Dataset records.
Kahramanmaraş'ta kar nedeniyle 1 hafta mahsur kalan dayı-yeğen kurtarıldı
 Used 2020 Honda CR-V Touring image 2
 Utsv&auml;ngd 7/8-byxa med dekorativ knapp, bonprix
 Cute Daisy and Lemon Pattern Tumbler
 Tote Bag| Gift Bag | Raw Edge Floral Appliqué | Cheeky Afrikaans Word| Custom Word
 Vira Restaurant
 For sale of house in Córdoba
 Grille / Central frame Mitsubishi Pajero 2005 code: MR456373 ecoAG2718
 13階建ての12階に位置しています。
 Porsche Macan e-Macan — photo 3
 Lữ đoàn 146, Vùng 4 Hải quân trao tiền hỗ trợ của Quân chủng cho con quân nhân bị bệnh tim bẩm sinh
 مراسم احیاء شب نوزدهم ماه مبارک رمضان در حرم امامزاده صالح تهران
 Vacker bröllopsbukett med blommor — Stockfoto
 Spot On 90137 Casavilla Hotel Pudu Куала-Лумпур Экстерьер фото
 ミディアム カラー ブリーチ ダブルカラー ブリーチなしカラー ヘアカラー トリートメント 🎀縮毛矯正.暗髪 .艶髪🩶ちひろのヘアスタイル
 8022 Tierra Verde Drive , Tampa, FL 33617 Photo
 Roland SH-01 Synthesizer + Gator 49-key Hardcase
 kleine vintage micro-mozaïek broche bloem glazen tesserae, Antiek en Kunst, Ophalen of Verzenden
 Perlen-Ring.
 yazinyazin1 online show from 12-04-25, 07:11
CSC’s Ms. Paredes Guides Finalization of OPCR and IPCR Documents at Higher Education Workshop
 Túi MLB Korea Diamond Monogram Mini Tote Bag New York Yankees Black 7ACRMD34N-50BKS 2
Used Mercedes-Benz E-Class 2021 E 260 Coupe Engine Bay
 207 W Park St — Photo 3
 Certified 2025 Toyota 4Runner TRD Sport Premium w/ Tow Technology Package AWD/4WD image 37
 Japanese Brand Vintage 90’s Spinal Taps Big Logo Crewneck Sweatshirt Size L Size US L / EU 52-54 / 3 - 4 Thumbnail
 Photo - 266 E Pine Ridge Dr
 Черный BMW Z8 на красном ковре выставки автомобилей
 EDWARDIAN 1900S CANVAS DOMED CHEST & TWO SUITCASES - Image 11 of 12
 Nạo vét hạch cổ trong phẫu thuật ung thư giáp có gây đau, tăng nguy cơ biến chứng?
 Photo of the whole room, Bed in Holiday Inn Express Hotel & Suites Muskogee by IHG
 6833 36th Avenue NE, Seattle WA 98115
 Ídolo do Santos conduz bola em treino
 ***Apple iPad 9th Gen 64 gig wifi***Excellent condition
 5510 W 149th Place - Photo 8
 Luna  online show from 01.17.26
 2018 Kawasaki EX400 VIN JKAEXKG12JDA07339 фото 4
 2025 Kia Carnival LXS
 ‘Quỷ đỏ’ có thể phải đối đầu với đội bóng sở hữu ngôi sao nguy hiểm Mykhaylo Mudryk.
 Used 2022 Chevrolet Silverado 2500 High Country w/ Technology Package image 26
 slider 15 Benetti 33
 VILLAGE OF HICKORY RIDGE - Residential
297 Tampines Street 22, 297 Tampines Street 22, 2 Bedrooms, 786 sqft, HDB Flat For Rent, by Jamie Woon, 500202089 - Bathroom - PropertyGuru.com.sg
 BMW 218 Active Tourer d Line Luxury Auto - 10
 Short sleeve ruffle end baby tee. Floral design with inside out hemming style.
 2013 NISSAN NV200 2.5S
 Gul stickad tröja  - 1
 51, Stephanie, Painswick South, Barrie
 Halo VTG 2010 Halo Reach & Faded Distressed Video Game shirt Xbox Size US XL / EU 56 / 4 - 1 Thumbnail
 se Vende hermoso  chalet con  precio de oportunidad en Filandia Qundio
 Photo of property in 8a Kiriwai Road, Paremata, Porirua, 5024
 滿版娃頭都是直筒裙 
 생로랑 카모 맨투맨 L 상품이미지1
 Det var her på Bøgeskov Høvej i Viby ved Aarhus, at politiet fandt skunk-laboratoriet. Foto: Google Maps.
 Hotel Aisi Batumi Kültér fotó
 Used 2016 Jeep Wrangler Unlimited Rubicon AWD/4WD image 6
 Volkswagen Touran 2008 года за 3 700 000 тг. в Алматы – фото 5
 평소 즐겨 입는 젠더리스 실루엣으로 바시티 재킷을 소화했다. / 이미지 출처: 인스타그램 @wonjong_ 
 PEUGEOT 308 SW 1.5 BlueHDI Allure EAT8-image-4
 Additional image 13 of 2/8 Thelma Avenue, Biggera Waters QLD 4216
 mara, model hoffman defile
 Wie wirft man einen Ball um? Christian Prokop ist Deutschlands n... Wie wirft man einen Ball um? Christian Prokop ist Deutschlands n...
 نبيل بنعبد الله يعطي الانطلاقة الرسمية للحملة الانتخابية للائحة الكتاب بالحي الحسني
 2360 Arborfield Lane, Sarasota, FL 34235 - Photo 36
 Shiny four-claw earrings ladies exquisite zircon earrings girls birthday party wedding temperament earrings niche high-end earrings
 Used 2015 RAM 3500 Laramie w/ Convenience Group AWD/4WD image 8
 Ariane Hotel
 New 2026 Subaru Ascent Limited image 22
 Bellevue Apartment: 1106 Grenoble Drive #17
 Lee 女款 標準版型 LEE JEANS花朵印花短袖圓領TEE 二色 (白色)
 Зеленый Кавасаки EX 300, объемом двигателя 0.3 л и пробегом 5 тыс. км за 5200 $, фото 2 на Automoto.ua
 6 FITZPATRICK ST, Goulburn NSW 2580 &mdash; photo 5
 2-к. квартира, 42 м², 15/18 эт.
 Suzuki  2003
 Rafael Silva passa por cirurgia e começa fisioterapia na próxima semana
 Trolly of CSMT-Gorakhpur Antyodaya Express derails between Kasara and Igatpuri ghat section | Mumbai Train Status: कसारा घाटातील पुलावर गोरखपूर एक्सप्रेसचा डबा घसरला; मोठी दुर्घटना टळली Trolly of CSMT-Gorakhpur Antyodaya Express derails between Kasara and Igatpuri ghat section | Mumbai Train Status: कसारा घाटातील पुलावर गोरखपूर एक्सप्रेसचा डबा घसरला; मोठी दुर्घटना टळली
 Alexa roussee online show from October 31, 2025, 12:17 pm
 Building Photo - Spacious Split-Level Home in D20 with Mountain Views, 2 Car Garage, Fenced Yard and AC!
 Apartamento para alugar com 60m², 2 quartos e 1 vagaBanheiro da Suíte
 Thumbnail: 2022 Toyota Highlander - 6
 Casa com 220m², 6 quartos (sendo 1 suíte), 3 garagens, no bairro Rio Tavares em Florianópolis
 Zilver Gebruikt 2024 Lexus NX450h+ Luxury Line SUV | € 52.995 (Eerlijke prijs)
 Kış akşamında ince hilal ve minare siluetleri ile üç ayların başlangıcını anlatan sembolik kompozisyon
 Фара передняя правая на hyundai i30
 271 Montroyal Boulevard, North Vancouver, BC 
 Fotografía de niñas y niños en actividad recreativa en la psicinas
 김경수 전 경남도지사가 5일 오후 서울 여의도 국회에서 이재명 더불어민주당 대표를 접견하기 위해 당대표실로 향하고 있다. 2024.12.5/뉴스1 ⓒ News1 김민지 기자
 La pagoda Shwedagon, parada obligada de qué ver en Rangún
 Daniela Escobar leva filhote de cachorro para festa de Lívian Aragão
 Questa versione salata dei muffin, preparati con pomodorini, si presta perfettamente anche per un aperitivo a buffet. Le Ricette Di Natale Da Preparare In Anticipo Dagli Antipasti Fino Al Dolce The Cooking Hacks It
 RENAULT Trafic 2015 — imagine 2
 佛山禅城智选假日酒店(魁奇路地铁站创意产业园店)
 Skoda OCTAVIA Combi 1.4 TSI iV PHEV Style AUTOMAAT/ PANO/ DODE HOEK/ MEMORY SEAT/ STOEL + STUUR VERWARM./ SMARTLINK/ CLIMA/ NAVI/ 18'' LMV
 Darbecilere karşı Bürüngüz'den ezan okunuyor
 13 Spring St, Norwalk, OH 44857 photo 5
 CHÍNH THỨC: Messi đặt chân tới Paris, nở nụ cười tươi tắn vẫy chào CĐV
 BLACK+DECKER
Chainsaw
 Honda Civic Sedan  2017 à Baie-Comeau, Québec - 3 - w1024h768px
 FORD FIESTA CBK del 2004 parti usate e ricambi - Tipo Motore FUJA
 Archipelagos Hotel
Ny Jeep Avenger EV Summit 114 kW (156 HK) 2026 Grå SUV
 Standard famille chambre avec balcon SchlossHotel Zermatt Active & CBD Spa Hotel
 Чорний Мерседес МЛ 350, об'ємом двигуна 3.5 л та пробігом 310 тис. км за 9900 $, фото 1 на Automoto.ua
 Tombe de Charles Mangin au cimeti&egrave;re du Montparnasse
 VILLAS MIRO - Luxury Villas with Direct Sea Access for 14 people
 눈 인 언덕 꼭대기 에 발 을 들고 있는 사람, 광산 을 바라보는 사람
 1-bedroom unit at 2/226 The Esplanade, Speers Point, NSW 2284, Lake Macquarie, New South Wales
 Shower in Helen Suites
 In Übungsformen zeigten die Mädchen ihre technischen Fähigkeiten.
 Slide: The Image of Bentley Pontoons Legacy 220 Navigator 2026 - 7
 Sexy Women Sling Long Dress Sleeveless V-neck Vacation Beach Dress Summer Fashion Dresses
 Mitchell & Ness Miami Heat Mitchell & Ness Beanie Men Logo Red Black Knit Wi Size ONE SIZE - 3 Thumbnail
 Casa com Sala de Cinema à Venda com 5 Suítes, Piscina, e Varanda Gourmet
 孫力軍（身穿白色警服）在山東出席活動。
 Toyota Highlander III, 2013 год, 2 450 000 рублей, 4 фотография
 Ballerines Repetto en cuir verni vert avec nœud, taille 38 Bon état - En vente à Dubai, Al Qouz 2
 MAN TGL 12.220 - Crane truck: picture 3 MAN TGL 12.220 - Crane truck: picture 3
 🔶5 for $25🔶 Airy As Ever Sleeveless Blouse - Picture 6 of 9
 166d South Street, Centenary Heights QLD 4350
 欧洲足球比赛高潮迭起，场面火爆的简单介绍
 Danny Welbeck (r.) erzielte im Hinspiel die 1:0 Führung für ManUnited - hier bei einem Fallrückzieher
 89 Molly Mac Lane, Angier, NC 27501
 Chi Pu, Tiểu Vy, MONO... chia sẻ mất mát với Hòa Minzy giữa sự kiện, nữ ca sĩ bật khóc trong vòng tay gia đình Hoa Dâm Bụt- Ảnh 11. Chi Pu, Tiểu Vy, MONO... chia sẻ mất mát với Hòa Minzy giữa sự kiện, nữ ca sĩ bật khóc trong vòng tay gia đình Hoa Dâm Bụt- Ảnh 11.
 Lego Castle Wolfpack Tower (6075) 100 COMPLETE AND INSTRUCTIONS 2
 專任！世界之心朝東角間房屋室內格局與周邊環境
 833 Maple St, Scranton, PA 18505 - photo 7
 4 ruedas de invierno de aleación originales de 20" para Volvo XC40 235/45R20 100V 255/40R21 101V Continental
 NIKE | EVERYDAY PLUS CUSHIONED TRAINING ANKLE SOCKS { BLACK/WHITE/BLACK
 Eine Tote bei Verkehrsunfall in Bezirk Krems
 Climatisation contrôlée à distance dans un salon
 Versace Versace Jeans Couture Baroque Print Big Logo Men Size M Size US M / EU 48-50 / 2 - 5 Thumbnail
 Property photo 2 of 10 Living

Exercise. Exactly as written, repeat each line from the beginning of the data above to the line containing "yazinyazin1 online show from 12-04-25, 07:11", inclusive.

Result for this exercise.
Kahramanmaraş'ta kar nedeniyle 1 hafta mahsur kalan dayı-yeğen kurtarıldı
 Used 2020 Honda CR-V Touring image 2
 Utsv&auml;ngd 7/8-byxa med dekorativ knapp, bonprix
 Cute Daisy and Lemon Pattern Tumbler
 Tote Bag| Gift Bag | Raw Edge Floral Appliqué | Cheeky Afrikaans Word| Custom Word
 Vira Restaurant
 For sale of house in Córdoba
 Grille / Central frame Mitsubishi Pajero 2005 code: MR456373 ecoAG2718
 13階建ての12階に位置しています。
 Porsche Macan e-Macan — photo 3
 Lữ đoàn 146, Vùng 4 Hải quân trao tiền hỗ trợ của Quân chủng cho con quân nhân bị bệnh tim bẩm sinh
 مراسم احیاء شب نوزدهم ماه مبارک رمضان در حرم امامزاده صالح تهران
 Vacker bröllopsbukett med blommor — Stockfoto
 Spot On 90137 Casavilla Hotel Pudu Куала-Лумпур Экстерьер фото
 ミディアム カラー ブリーチ ダブルカラー ブリーチなしカラー ヘアカラー トリートメント 🎀縮毛矯正.暗髪 .艶髪🩶ちひろのヘアスタイル
 8022 Tierra Verde Drive , Tampa, FL 33617 Photo
 Roland SH-01 Synthesizer + Gator 49-key Hardcase
 kleine vintage micro-mozaïek broche bloem glazen tesserae, Antiek en Kunst, Ophalen of Verzenden
 Perlen-Ring.
 yazinyazin1 online show from 12-04-25, 07:11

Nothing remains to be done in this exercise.